No Brasil, em contrapartida, esse é o momento da crise, de acordo com a antropóloga. É depois dos 40 que as mulheres começam a reclamar mais do corpo, da falta de homem, ou da pouca atenção que eles lhe dão, o que Mirian chama de discurso da vitimização. Elas se sentem tão mal, por dar tanto valor ao corpo e à figura do marido, que as que não são bem sucedidas nesses dois quesitos têm a sensação de ser invisíveis.
Essa valorização do corpo é tão alarmante que uma pesquisa realizada em dez países aponta que apenas 1% das mulheres brasileiras está satisfeita com o seu corpo, 63% apresentam desejo de fazer cirurgia plástica (contra 25% nos EUA) e mais de 629 mil cirurgias plásticas são realizadas por ano, no país. E, para quem acha que só as mulheres sofrem com esse apego ao corpo, a professora explica que os homens também são afetados pela obrigação de se apresentarem viris e de propagar o conceito de dominação masculina.

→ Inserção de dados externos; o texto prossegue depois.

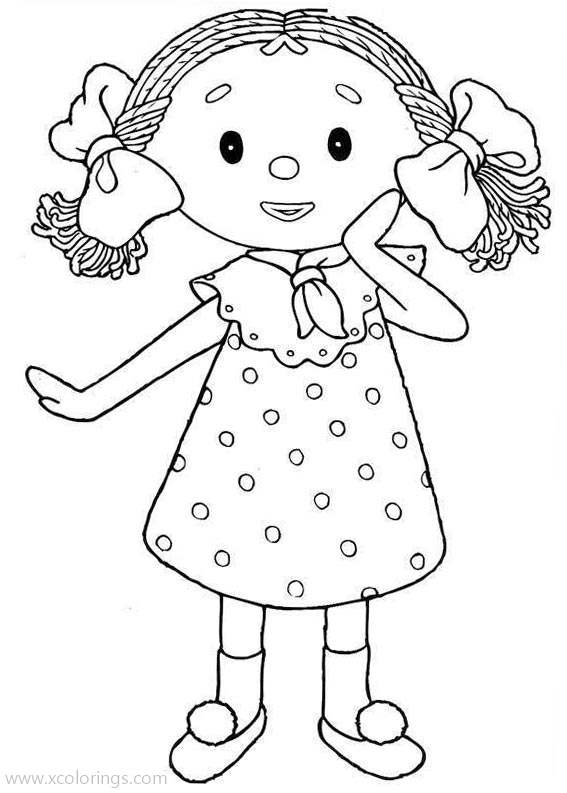 Free Andy Pandy Coloring Pages Looby Loo the Girl printable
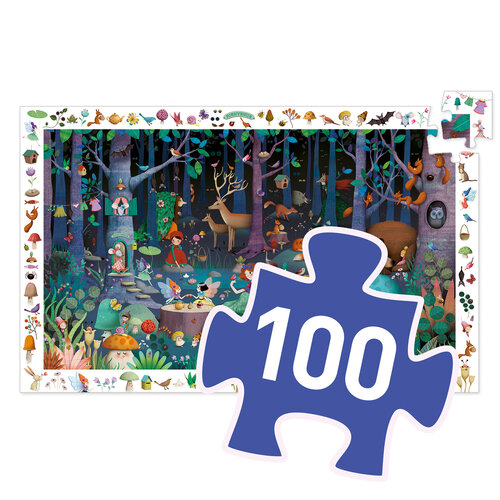 Djeco Observation Puzzel - Het Betoverde Bos 100st. (+5j)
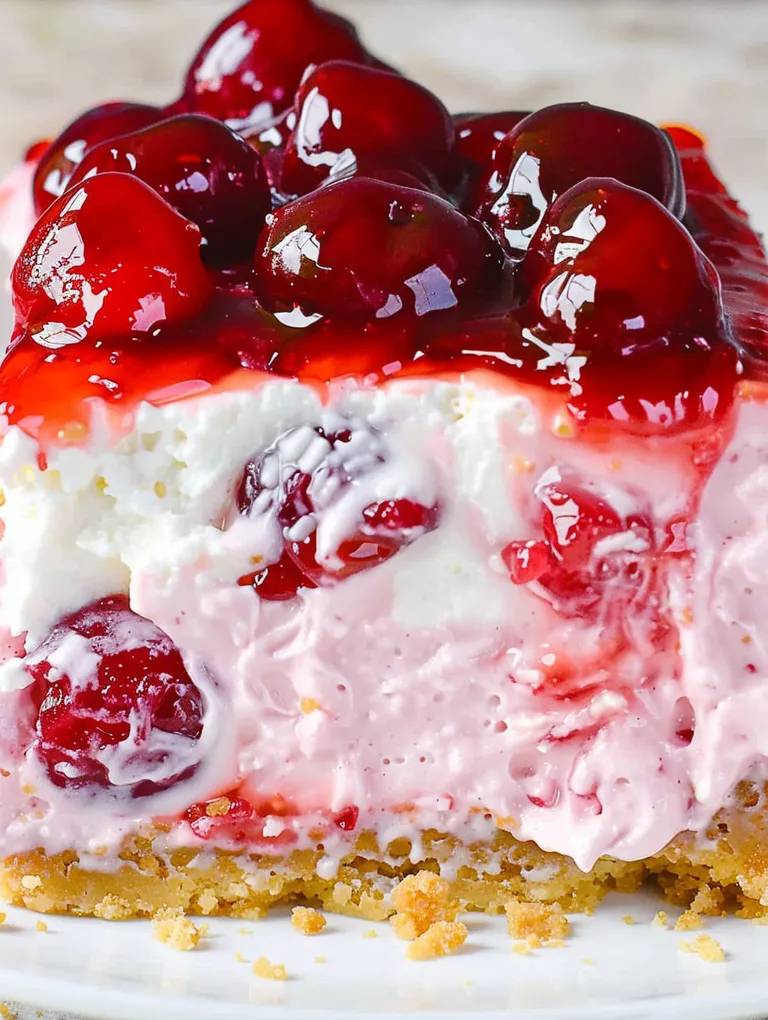 A slice of cherry cheesecake lush.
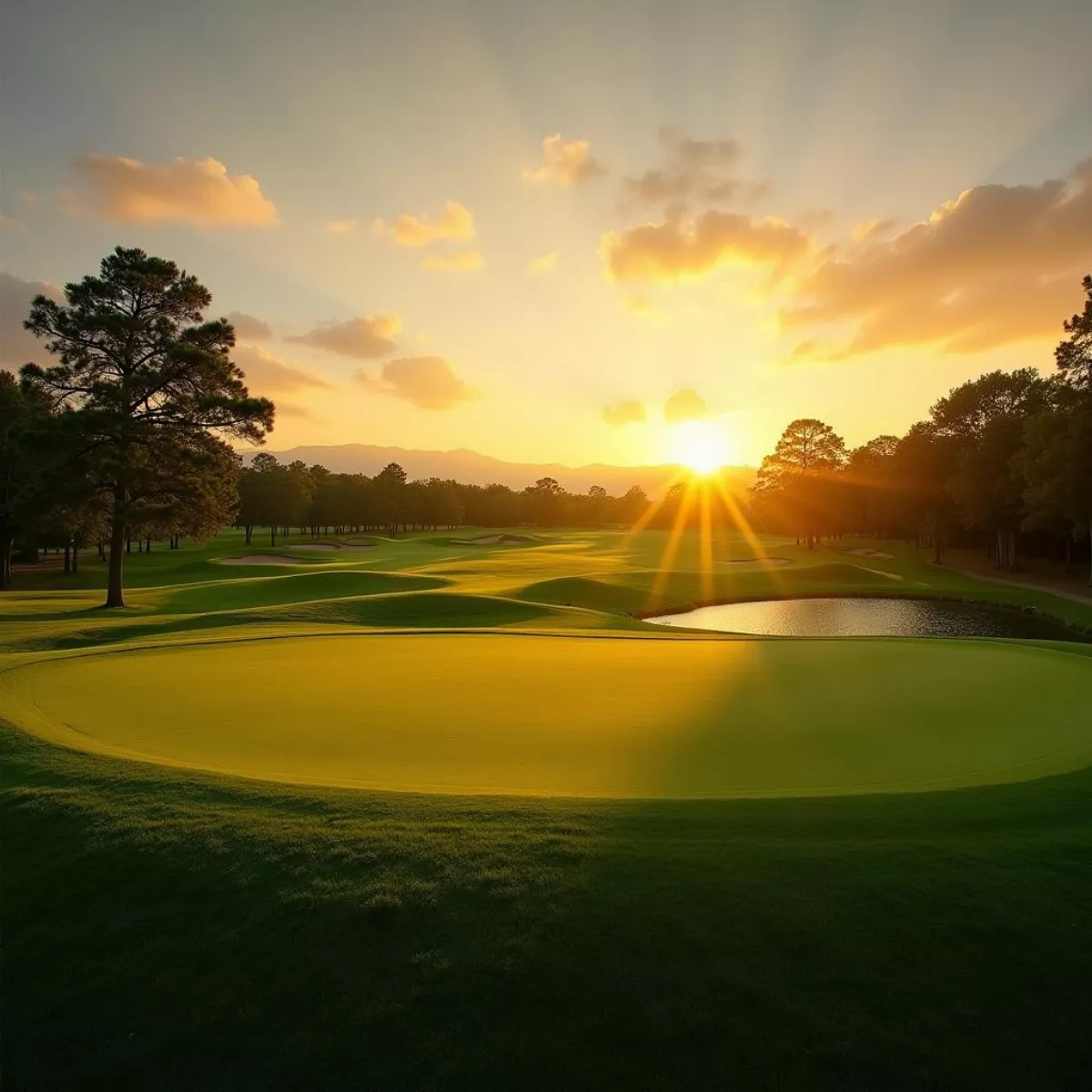 Scenic Golf Course At Sunset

Para uma mulher revolucionária, um corpo revolucionário, tal como fez Leila Diniz, objeto da defesa de doutorado da professora. Leila foi a primeira mulher grávida a exibir o corpo publicamente. Primeiramente, de biquíni, em uma praia sozinha, sem o pai da criança (que não era seu marido), nem o namorado. E, depois, nua, em uma revista. Esse tipo de atitude a qual Mirian chama de revolucionária faz com que a imagem da mulher seja valorizada por outros motivos que não o corpo sexualmente exuberante. Capitais que, de fato, agregam valor.
Essas e outras abordagens foram realizadas durante a palestra “O corpo como capital”, da professora e antropóloga Mirian Goldenberg, na última sexta-feira, no Instituto de Ciências Biomédicas, no Centro de Ciência e Saúde da UFRJ. Autora de mais de 11 livros, entre eles Toda mulher é meio Leila Diniz, A arte de pesquisar, De perto ninguém é normal e o mais recente Coroas: corpo, envelhecimento, casamento e infidelidade, ela defende que, para superar os males dessa supervalorização do corpo, é necessário uma revolução corporal.